A Proposed Agenda for a New PCLOB

This piece originally appeared on Lawfare.

President Trump recently nominated Travis LeBlanc and Aditya Bamzai as members of the Privacy and Civil Liberties Oversight Board (PCLOB), placing a full set of five nominees before the Senate and creating the possibility that the inquorate body could soon be revived. (A quorum requires three members; since early 2017, the body’s only member has been Elisabeth Collins.) This would be a welcome change. The PCLOB provides vital oversight on major surveillance activities shrouded in secrecy and serves as an important liaison between the intelligence community and Congress.

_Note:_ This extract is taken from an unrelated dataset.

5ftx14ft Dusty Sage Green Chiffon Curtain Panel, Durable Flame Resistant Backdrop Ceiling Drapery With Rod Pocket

In the event the PCLOB begins working again, it will have a wide array of potential issues to take on. The top priorities for its agenda should be an examination of the call detail record (CDR) program set to expire next year, lingering transparency problems with Section 702 of Foreign Intelligence Surveillance Act (FISA), and an examination of the disparate impact of counterterrorism surveillance.

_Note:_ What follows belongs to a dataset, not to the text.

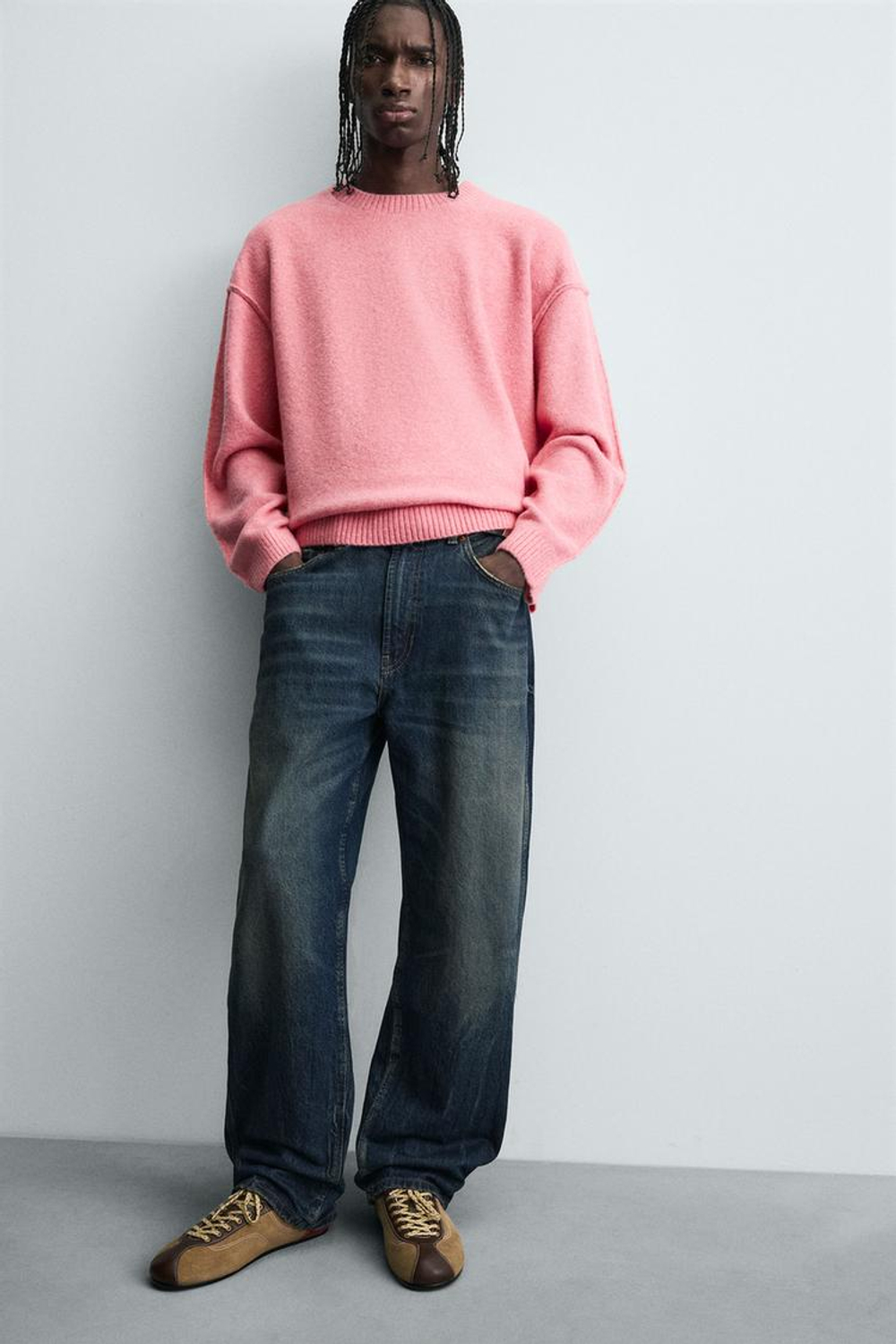 ZARA СВИТЕР С РЕЛЬЕФНЫМИ ШВАМИ, РОЗОВЫЙ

1. Review the impact and value of, and potential reforms to, the call detail records program

Created by the USA Freedom Act in 2015, the National Security Agency’s CDR program collects communications records that are what NSA calls “two hops out” from a target—anyone who communicates with the people a target talks to. The “business records” provision of FISA—previously used for bulk collection and now the basis for the CDR program—is set to expire at the end of 2019. That may seem far off—but as the haphazard Section 702 reauthorization demonstrated, obtaining consensus on FISA surveillance can be complicated, and waiting until the month before a law expires to advance legislation can cause problems. Developing a consensus plan for the business-records provision’s sunset clause should be a priority in early 2019 for Congress, who may very well wish to adjust, narrow or even eliminate the CDR program. The PCLOB can serve as a critical resource both in providing information to Congress and suggesting what reforms are necessary.

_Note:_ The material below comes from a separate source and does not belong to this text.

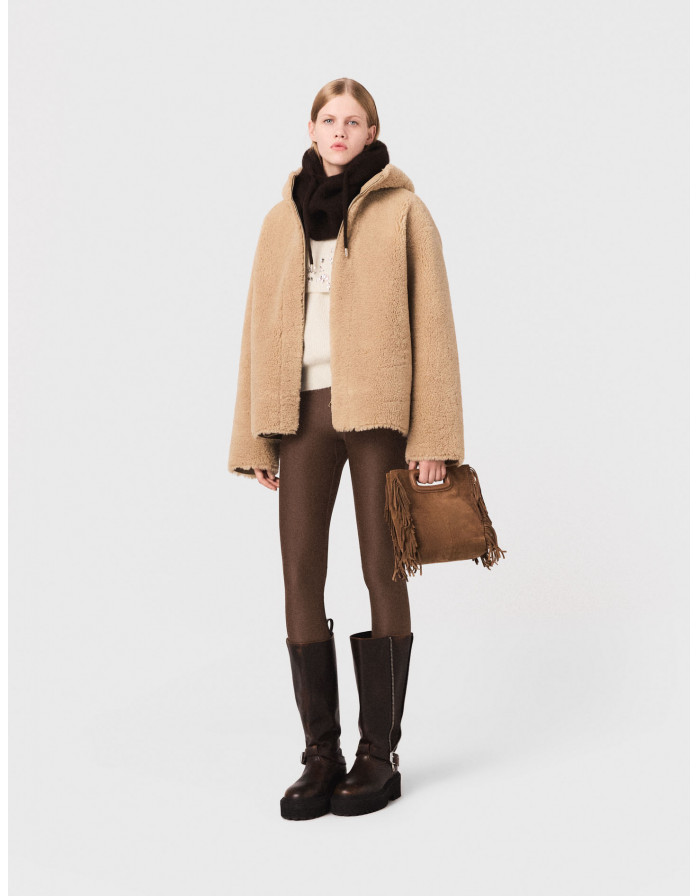 Жіноче двостороннє пальто з капюшоном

To support an effective debate for next year’s reauthorization, the PCLOB should investigate several problems with the CDR program and examine whether reining in the program—or even ending it—is in the nation’s best interest. Notwithstanding the tremendous gains provided by the USA Freedom Act, significant issues still surround the business-records provision. In late June, the NSA deleted all call detail records obtained since 2015 because technical failures, apparently stemming from telecommunication providers, resulted in overcollection beyond the law’s authority. And despite having years to adjust to new circumstances since the USA Freedom Act’s passage, the agency has failed to provide a public estimate of the number of unique identifiers swept up by the program. This is especially important as the sunset date approaches, because it leaves Congress and the public unable to evaluate how broadly the CDR program impacts privacy. And at the same time, the intelligence community has offered no evidence that the program is of unique value.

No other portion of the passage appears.